What the task asks: For this exercise, copy each line of the records that contains the word "from".

Dataset records
^^^^^^^^^^^^^^^^

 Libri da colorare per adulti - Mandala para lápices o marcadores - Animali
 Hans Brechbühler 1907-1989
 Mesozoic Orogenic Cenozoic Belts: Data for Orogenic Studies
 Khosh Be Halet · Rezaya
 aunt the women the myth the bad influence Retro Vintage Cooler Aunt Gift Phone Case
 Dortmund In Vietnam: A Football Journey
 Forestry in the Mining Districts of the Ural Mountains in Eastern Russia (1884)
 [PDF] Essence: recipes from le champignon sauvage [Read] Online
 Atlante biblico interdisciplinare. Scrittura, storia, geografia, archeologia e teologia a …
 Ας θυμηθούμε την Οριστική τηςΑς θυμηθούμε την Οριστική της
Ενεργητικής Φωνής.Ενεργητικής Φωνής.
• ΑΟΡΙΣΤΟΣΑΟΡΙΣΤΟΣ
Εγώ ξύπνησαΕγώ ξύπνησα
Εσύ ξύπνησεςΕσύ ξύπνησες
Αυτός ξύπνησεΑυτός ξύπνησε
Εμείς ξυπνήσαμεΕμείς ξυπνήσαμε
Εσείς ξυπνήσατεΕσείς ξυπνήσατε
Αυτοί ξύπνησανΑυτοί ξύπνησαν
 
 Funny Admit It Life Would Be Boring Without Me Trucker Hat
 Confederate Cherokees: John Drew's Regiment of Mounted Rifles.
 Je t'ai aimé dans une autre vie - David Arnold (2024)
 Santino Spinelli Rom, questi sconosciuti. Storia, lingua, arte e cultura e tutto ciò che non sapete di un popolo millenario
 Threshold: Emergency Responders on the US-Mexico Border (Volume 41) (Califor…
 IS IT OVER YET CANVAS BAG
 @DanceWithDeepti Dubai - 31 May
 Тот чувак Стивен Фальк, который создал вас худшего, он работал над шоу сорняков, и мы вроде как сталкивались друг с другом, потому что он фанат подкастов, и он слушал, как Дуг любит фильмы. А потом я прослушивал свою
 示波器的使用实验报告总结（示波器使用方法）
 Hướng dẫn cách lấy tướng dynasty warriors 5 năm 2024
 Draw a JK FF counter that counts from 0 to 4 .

^^^^^^^^^^^^^^^^

Expected output:
 [PDF] Essence: recipes from le champignon sauvage [Read] Online
 Draw a JK FF counter that counts from 0 to 4 .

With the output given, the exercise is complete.